Facilitated Diffusion
1. Facilitated diffusion is diffusion that requires the help of a transporter.
a. Specificity, because substrate binds receptor.
2. Net transport stops at equilibrium, but substrate still binds and moves in both
directions

Primary Active Transport

1. Primary active transport uses bond energy released by the hydrolysis of ATP
to induce a conformational change in a transporter protein.
2. Moves substances against their concentration gradients (vs. channels or
facilitated diffusion)
Ex: Sodium-potassium ATPase, Na+ /K + ATPase (antiport pump).

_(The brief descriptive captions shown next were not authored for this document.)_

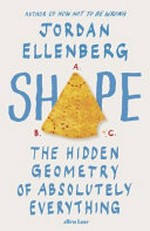 Shape : the hidden geometry of absolutely everything / Jordan Ellenberg.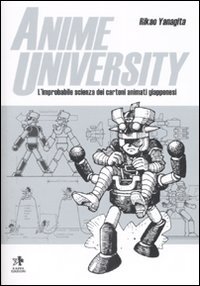 Anime university. L'improbabile scienza dei cartoni animati giapponesi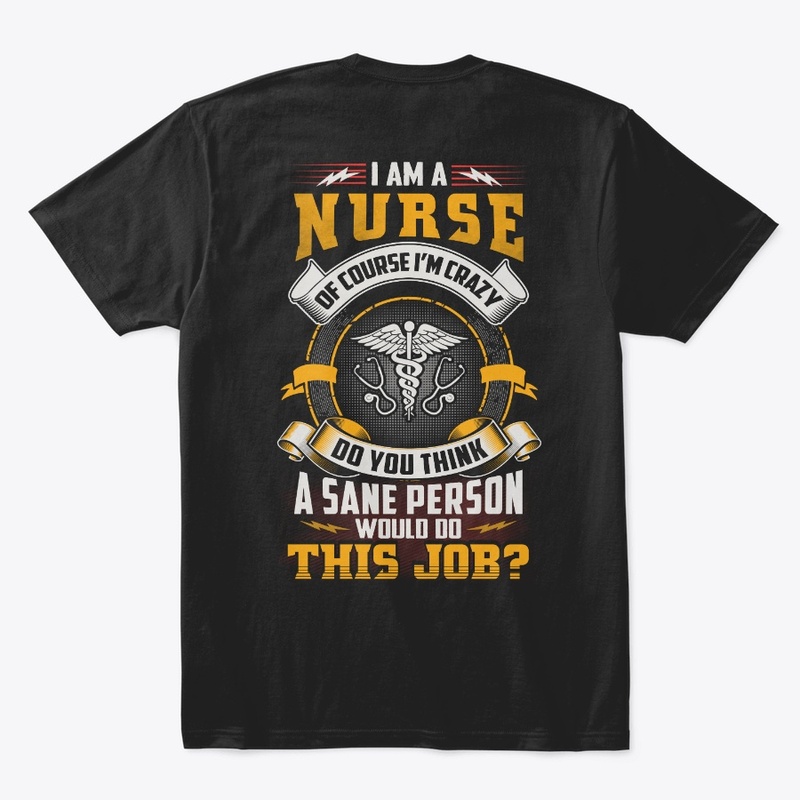 Crazy Nurse Shirt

Na+ /K + pump is continually working in all cells to keep K + high & Na + low in the ICF.
Homeostasis. Na + channels and K + channels continually allow some leak.
Secondary Active Transport
1. Uses two carrier proteins.
2. #1: primary active transport (using ATP) to create a concentration gradient
for an ion.
3. #2: symport or antiport of a ligand occurs as the ion moves DOWN its
concentration gradient. The transport of the target substrate generally is
moved UP its concentration gradient.
Ex: SGLT secondary active glucose transporter protein co-transports Glucose & Na+,
both into the cell.
1. Na+ in ECF > ICF, maintained by Na+ /K+ pump.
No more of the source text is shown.